What to do:
Nothing but the pictures may be dropped; the rest of the listing is to be written out exactly.

[Provided records — start]

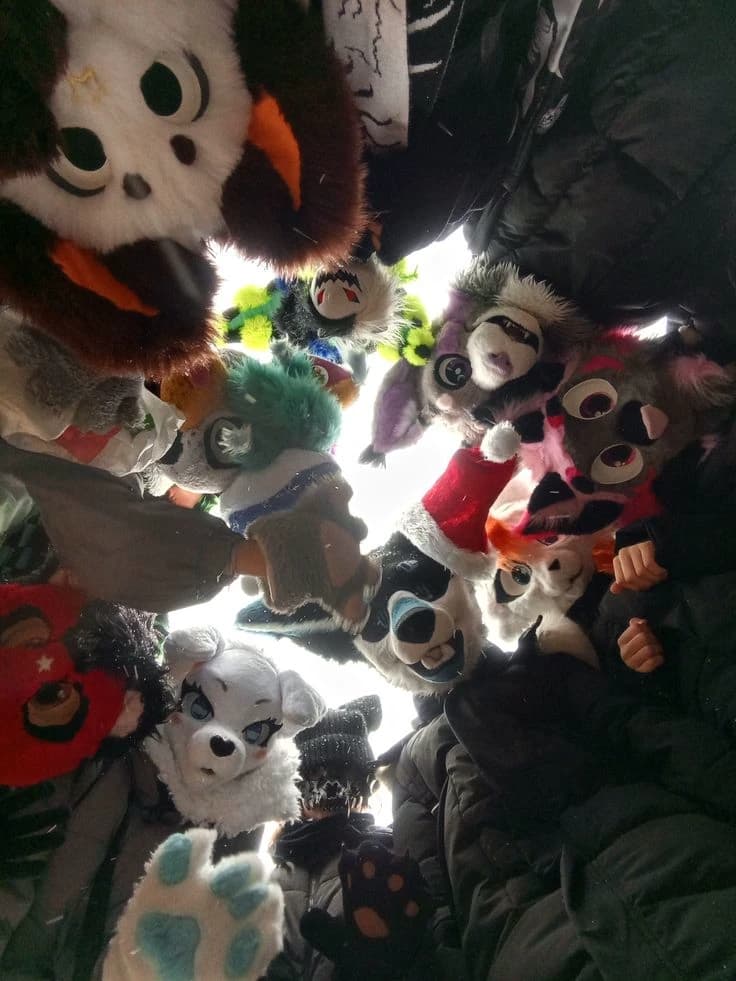 Furry City thumbnail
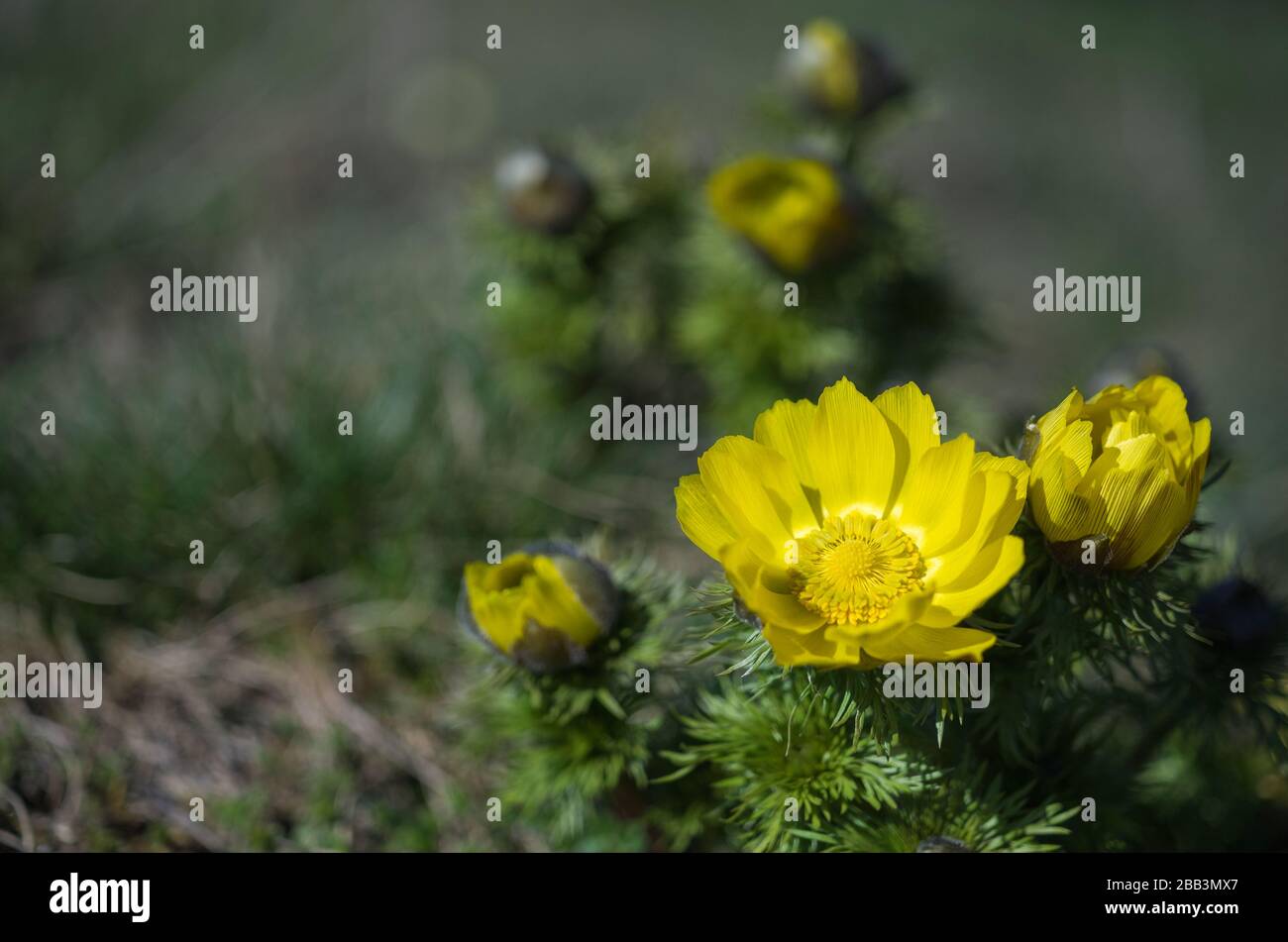 Frühlings Adonisröschen Rodenberg Rhön Deutschland Adonis Vernalis Foto Stock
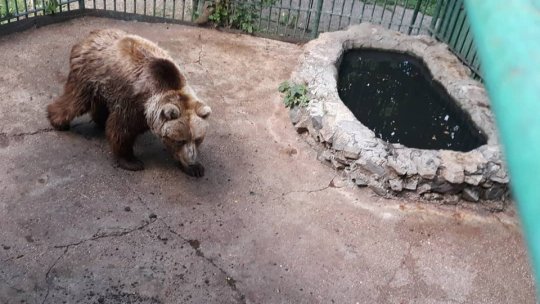Ursoaică de 34 de ani, transferată de la Zoo Galaţi la Sanctuarul Libearty din Zărneşti
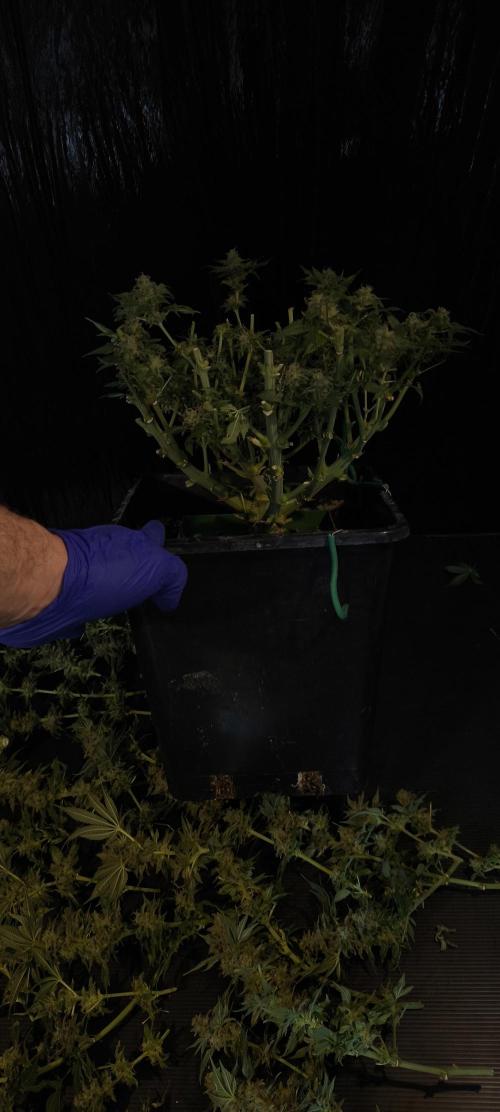 Zamnesia 2026 Plagron Eternity grow cup. Week 15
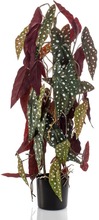Emerald Konstväxt Begonia Maculata i kruka 75 cm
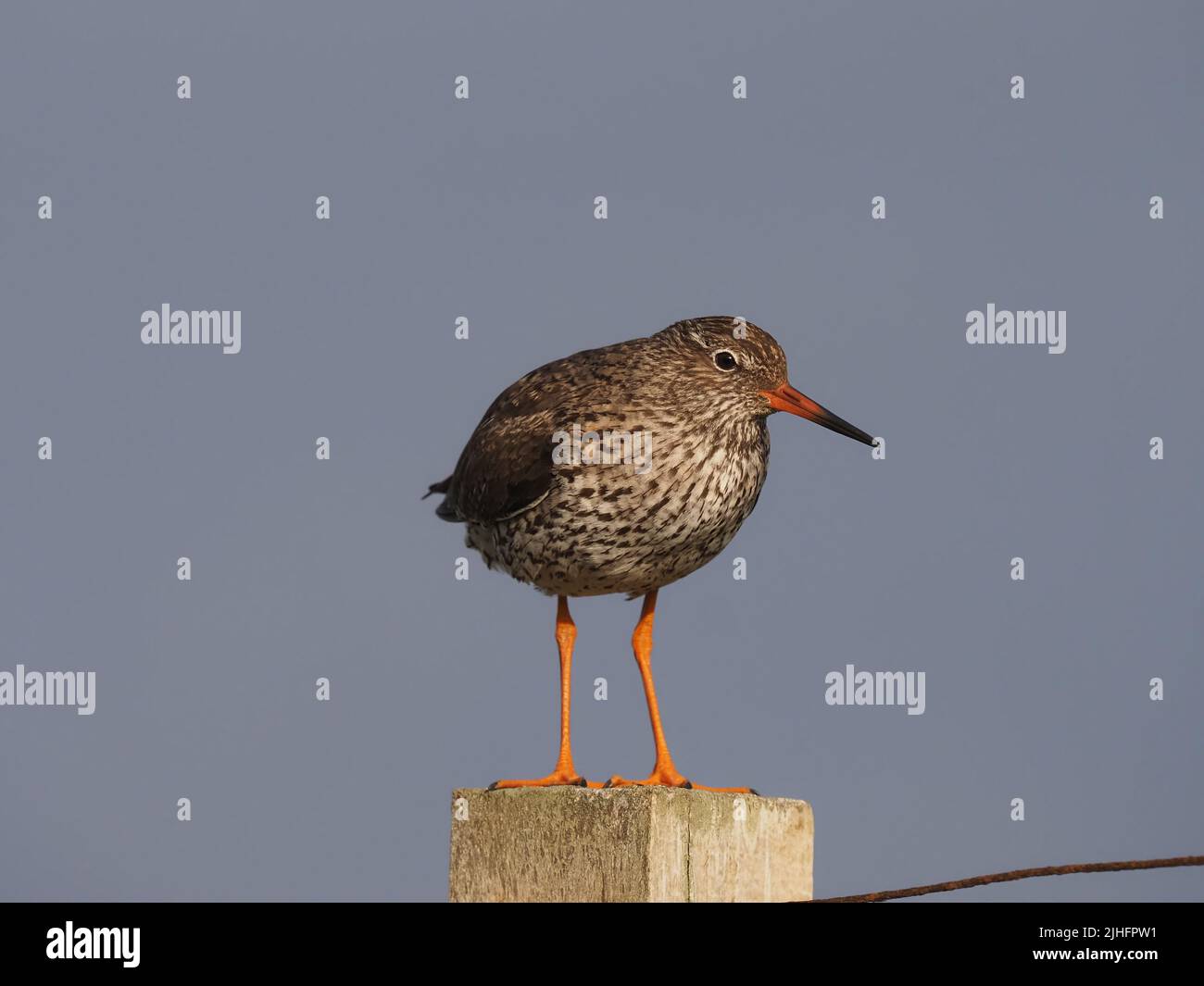 Après que les poussins ont à part les oiseaux adultes continuent des protéger des prédateurs souvent en utilisant des poteaux pour obtenir un avantage visuel. Banque D'Images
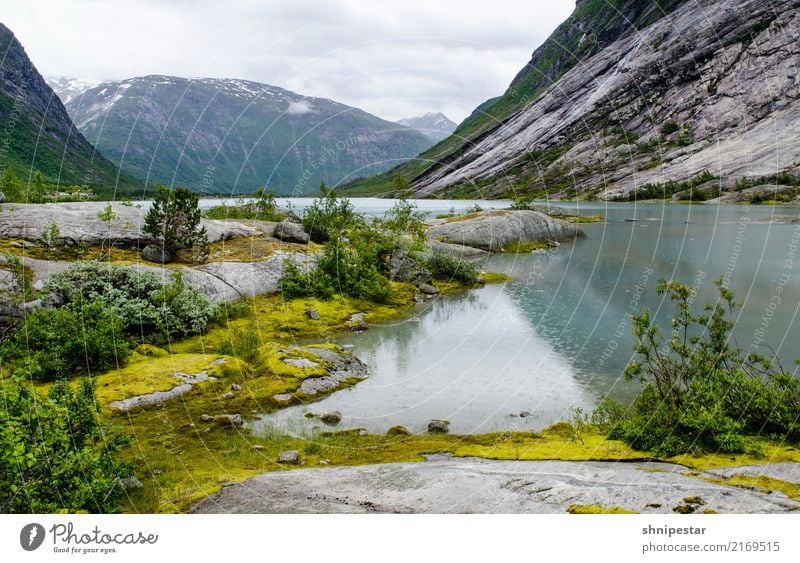 Nigardsbreen, Norwegen wandern Umwelt Natur Landschaft Urelemente Wasser Klima Klimawandel Wetter Eis Frost Berge u. Gebirge Schneebedeckte Gipfel Gletscher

[Provided records — finish]

Your solution:
 Furry City thumbnail
 Frühlings Adonisröschen Rodenberg Rhön Deutschland Adonis Vernalis Foto Stock
Ursoaică de 34 de ani, transferată de la Zoo Galaţi la Sanctuarul Libearty din Zărneşti
 Zamnesia 2026 Plagron Eternity grow cup. Week 15
Emerald Konstväxt Begonia Maculata i kruka 75 cm
 Après que les poussins ont à part les oiseaux adultes continuent des protéger des prédateurs souvent en utilisant des poteaux pour obtenir un avantage visuel. Banque D'Images
 Nigardsbreen, Norwegen wandern Umwelt Natur Landschaft Urelemente Wasser Klima Klimawandel Wetter Eis Frost Berge u. Gebirge Schneebedeckte Gipfel Gletscher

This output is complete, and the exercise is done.